■ **WHAT THE TASK REQUIRES**
Take the lines from the one containing "Nordic viking logo." through the end of the material and write them out exactly, omitting pictures.

■ **DATASET RECORDS**
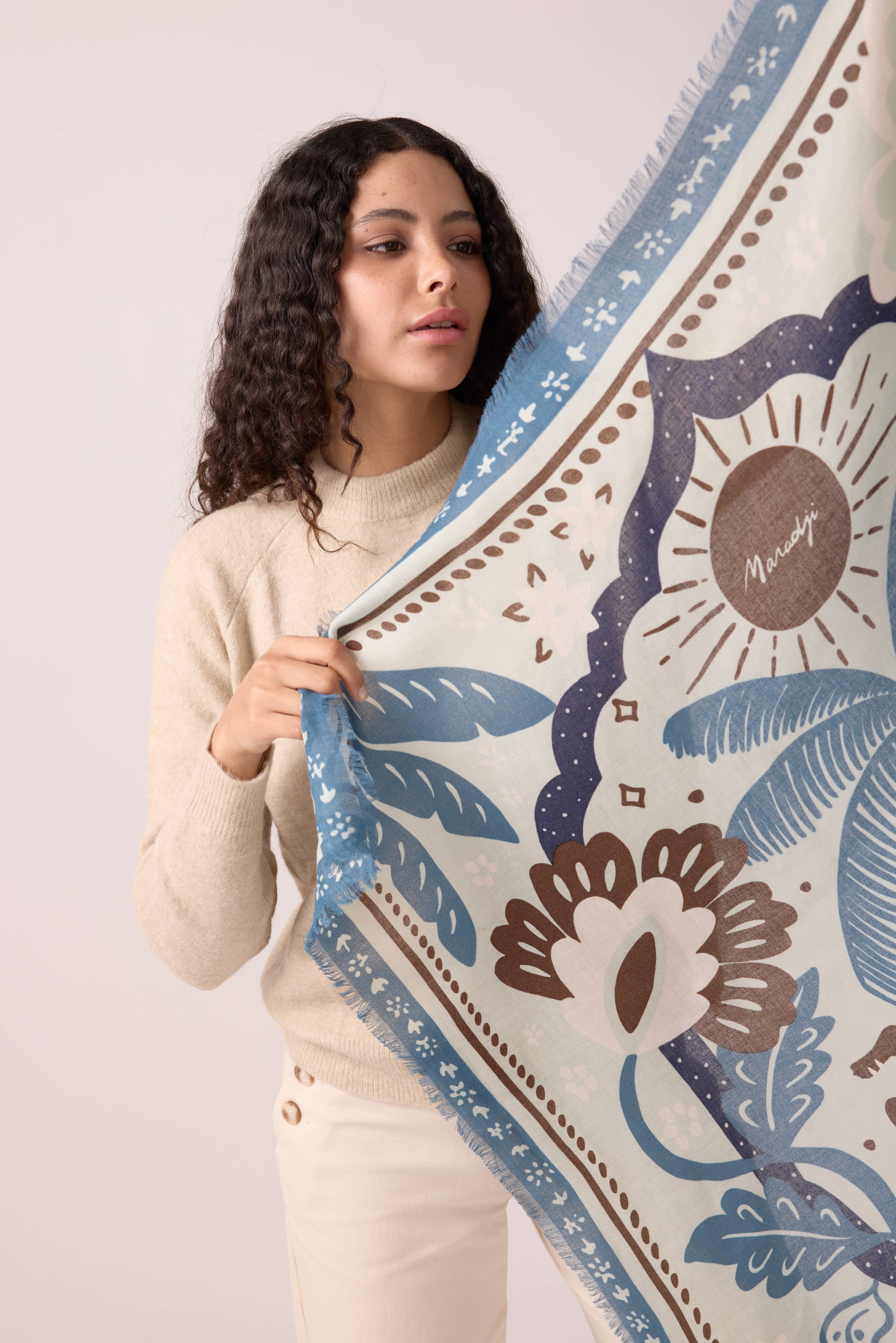 FOULARD LAINE TIGER IN THE PALMERAIE BLEU ORAGE - Image 5
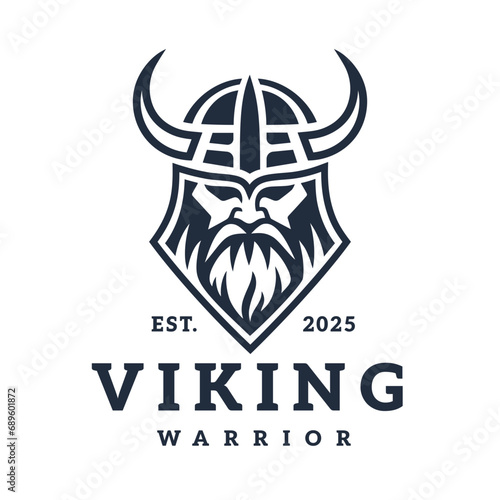 Nordic viking logo. Norse warrior icon. Horned barbarian helmet symbol. Norseman Odin emblem. Vector illustration.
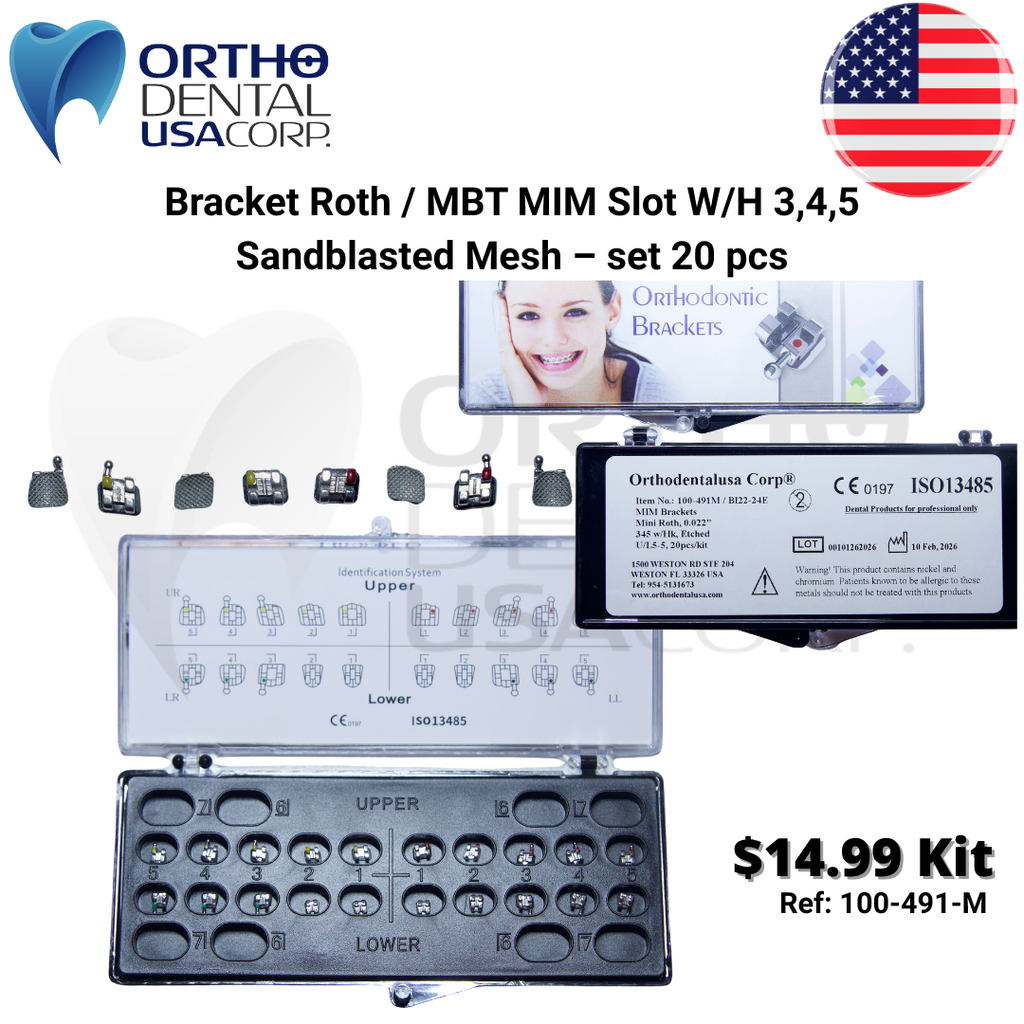 Bracket Roth / MBT MIM Slot W/H 3,4,5 Sandblasted Mesh - set 20 pcs 100-391M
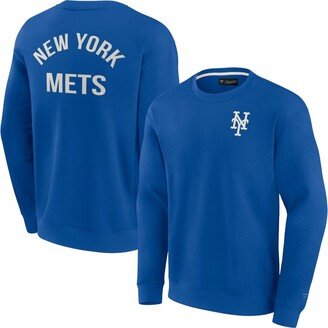 Men's and Women's Fanatics Signature Royal New York Mets Super Soft Pullover Crew Sweatshirt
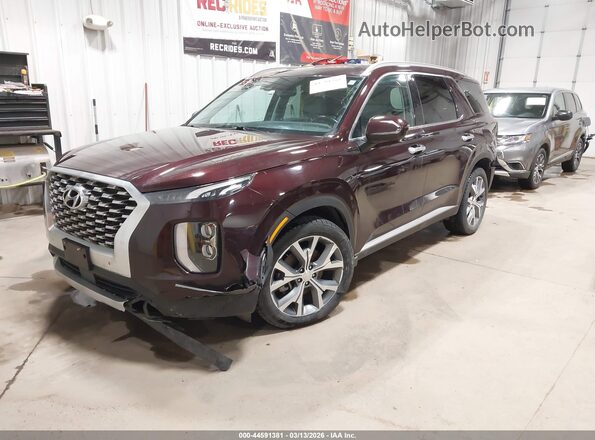 KM8R4DHE5LU093416 2020 HYUNDAI PALISADE Maroon Առջևի ձախ երեք քառորդ տեսարան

■ **EXERCISE SOLUTION**
 Nordic viking logo. Norse warrior icon. Horned barbarian helmet symbol. Norseman Odin emblem. Vector illustration.
 Bracket Roth / MBT MIM Slot W/H 3,4,5 Sandblasted Mesh - set 20 pcs 100-391M
 Men's and Women's Fanatics Signature Royal New York Mets Super Soft Pullover Crew Sweatshirt
 KM8R4DHE5LU093416 2020 HYUNDAI PALISADE Maroon Առջևի ձախ երեք քառորդ տեսարան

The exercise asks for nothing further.